Output verbatim the lines beginning at the one that contains "C42 7. Emisyon" and ending at the last line of the material, inclusive of both.

- - - -

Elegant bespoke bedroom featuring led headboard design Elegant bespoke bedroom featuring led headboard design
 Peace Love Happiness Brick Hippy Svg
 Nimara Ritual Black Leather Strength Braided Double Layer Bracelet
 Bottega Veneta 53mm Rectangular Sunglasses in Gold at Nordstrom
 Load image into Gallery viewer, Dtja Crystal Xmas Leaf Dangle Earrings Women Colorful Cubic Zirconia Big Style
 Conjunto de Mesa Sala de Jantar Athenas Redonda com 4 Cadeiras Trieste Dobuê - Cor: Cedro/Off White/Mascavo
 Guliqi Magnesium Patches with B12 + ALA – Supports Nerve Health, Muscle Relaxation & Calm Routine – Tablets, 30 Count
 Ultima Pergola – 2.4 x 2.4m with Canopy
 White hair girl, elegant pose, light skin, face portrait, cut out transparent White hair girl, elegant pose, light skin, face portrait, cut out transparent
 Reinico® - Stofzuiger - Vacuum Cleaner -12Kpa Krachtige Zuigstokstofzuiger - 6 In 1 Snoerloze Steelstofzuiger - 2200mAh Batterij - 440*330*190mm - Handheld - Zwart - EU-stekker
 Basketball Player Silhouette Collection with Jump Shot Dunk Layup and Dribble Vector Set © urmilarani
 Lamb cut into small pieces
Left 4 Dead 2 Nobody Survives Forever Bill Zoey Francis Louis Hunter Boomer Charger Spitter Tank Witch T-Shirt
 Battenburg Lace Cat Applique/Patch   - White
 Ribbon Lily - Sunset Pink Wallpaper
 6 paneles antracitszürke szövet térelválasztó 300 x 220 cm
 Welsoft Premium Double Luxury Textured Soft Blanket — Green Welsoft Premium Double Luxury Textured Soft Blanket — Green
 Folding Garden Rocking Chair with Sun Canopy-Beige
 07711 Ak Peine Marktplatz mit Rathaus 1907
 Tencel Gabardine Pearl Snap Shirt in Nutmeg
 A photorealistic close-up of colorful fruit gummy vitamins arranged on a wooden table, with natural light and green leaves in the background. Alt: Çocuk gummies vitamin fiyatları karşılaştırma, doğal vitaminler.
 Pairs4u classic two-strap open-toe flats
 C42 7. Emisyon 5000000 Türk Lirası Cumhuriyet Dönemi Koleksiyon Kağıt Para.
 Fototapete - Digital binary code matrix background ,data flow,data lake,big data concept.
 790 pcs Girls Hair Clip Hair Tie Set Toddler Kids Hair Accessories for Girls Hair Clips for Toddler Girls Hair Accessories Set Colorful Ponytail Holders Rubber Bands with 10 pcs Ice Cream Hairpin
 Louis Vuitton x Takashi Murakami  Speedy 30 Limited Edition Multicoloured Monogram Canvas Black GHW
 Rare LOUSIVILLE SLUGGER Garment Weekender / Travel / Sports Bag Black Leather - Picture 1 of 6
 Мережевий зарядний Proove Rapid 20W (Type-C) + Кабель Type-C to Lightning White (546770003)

- - - -

- _EXERCISE RESPONSE_
 C42 7. Emisyon 5000000 Türk Lirası Cumhuriyet Dönemi Koleksiyon Kağıt Para.
 Fototapete - Digital binary code matrix background ,data flow,data lake,big data concept.
 790 pcs Girls Hair Clip Hair Tie Set Toddler Kids Hair Accessories for Girls Hair Clips for Toddler Girls Hair Accessories Set Colorful Ponytail Holders Rubber Bands with 10 pcs Ice Cream Hairpin
 Louis Vuitton x Takashi Murakami  Speedy 30 Limited Edition Multicoloured Monogram Canvas Black GHW
 Rare LOUSIVILLE SLUGGER Garment Weekender / Travel / Sports Bag Black Leather - Picture 1 of 6
 Мережевий зарядний Proove Rapid 20W (Type-C) + Кабель Type-C to Lightning White (546770003)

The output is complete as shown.